Stored dataset items
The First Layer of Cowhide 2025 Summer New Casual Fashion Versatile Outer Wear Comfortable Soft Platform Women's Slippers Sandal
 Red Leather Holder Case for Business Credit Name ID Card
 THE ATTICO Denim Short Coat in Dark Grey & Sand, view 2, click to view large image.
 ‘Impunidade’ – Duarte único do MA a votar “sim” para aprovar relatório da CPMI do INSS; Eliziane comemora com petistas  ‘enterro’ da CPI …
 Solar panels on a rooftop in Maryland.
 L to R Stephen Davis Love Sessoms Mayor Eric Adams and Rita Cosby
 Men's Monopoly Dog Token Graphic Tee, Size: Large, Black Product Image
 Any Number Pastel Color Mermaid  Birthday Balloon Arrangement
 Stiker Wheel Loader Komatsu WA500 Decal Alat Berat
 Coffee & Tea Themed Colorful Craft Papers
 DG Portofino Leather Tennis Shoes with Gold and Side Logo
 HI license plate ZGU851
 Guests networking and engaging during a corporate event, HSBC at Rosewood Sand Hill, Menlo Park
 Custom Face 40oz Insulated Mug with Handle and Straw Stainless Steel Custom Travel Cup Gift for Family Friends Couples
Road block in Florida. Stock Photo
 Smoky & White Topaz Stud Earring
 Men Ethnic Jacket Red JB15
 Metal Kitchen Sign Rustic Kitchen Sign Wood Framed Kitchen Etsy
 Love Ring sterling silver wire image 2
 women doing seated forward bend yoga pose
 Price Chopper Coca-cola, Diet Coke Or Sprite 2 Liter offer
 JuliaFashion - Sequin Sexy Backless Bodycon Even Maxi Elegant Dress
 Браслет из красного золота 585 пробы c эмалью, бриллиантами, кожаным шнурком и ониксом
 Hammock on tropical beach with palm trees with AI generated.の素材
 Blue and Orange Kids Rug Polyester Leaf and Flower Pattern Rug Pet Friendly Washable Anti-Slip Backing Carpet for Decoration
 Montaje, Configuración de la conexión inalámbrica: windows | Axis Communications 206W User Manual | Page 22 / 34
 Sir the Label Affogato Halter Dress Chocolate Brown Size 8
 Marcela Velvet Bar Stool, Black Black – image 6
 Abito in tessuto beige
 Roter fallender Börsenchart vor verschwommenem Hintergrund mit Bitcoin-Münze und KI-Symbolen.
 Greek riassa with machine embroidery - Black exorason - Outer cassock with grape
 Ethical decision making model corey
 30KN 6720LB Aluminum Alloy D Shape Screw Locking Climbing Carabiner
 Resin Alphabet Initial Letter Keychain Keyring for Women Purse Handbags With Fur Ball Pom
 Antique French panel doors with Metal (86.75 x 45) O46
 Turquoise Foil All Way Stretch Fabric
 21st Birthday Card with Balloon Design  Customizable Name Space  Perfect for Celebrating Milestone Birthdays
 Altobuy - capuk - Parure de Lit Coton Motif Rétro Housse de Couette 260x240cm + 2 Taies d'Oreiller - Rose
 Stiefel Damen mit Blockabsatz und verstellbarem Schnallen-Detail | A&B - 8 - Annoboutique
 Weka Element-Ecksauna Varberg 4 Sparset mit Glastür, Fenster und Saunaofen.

▸ WHAT TO PRODUCE: Please transcribe exactly the lines above from the line that has "L to R Stephen" up to and including the line that has "Road block in Florida. Stock Photo"; no other line belongs in the answer.

▸ ANSWER BELOW:
 L to R Stephen Davis Love Sessoms Mayor Eric Adams and Rita Cosby
 Men's Monopoly Dog Token Graphic Tee, Size: Large, Black Product Image
 Any Number Pastel Color Mermaid  Birthday Balloon Arrangement
 Stiker Wheel Loader Komatsu WA500 Decal Alat Berat
 Coffee & Tea Themed Colorful Craft Papers
 DG Portofino Leather Tennis Shoes with Gold and Side Logo
 HI license plate ZGU851
 Guests networking and engaging during a corporate event, HSBC at Rosewood Sand Hill, Menlo Park
 Custom Face 40oz Insulated Mug with Handle and Straw Stainless Steel Custom Travel Cup Gift for Family Friends Couples
Road block in Florida. Stock Photo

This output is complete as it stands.